By James Pomeroy Howe
From his unpublished autobiography
Glances from my Hotel Bristol window overlooking Warsaw's main street, day after day, furnished me with thousands of words of descriptive material for the Associated Press dispatches. It seemed that the head office in New York was bloodthirsty, insatiable for more and more picture stuff of the horrors of the newest war.
One drizzling afternoon with this endless procession passing, my eyes fell on a staggering animal, once a horse, a skinny, meagerly dressed boy of six or seven was leading. The harnessed four hoofs were tugging at four rickety wheels. A length of flat boards served as the wagon bed.
The framework structure containing the wagon load consisted of rough planks of seven feet or so and two feet up and two feet across. The boxlike affair apparently had been tacked together overnight.
Trudging behind was a small, thin woman with faltering steps. Strands of hair dangled beneath a rain-soaked scarf. At times she clung to the edge of the vehicle for support and assistance along the way.

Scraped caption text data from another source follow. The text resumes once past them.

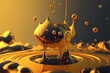 believable oil drops dropping gasoline yellow honey drops. A gold liquid vitamin pill that is oozing with machine oil. Generative AI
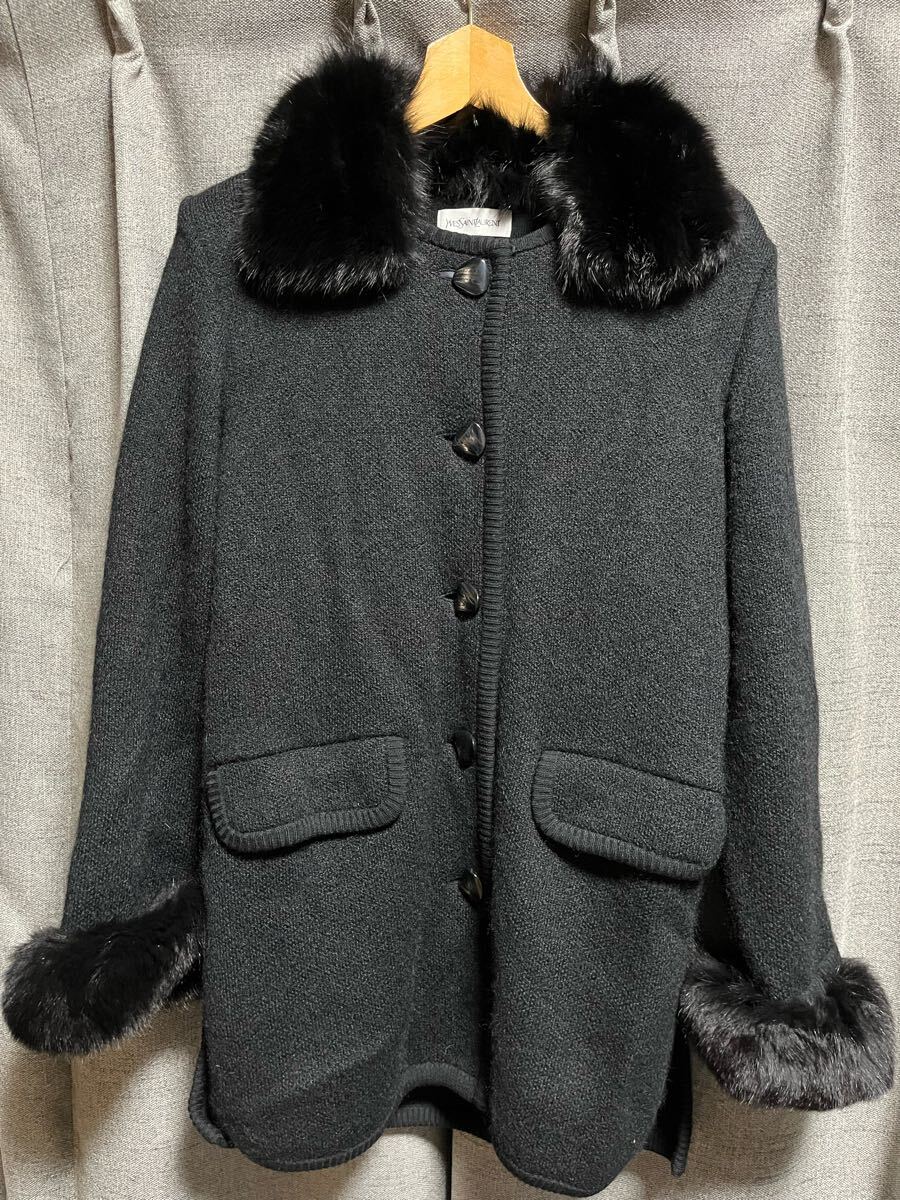 YSL Yves Saint Laurent イヴ サンローラン ニットファーコート拍卖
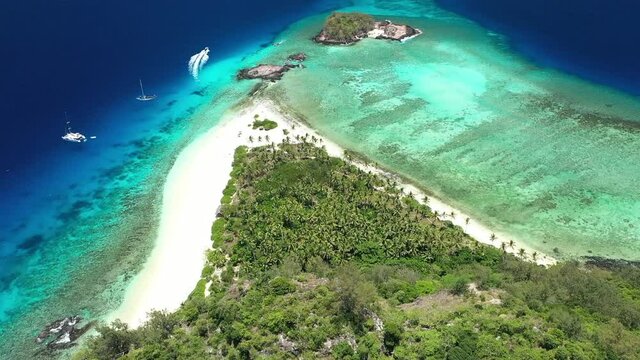 An aerial view shows Monuriki Island, Fiji.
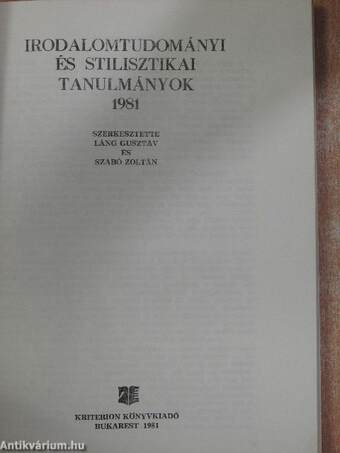 Irodalomtudományi és stilisztikai tanulmányok 1981.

Her right hand held the image of the tiny hand of what appeared to be a rag doll, rather than the little, three-year-old girl that it really was. Crying and near exhaustion, the child was taken into the mother's arms, with difficulty at intervals of relief. Over the woman's narrow shoulders were draped a long, well-worn winter overcoat. It was heavy and she attempted at times with her left hand to gather the folds of the garment as she would a long skirt to prevent tripping.

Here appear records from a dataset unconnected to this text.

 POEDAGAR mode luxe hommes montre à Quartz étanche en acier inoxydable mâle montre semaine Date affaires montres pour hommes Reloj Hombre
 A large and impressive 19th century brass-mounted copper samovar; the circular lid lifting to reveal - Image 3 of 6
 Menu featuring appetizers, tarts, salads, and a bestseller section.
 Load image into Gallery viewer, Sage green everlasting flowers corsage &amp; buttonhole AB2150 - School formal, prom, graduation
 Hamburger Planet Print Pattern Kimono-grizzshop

I watched this passing of living drama five or six minutes. And then it was gone.
Where were the other mourners, the relatives, friends, neighbors?
For some 48 years this picture of life in the real and rough has been with me; that frail, little figure of a woman, clinging so carousingly to that enormous, old, thread-bare overcoat to the very last---that remnant of the husband and father in the box.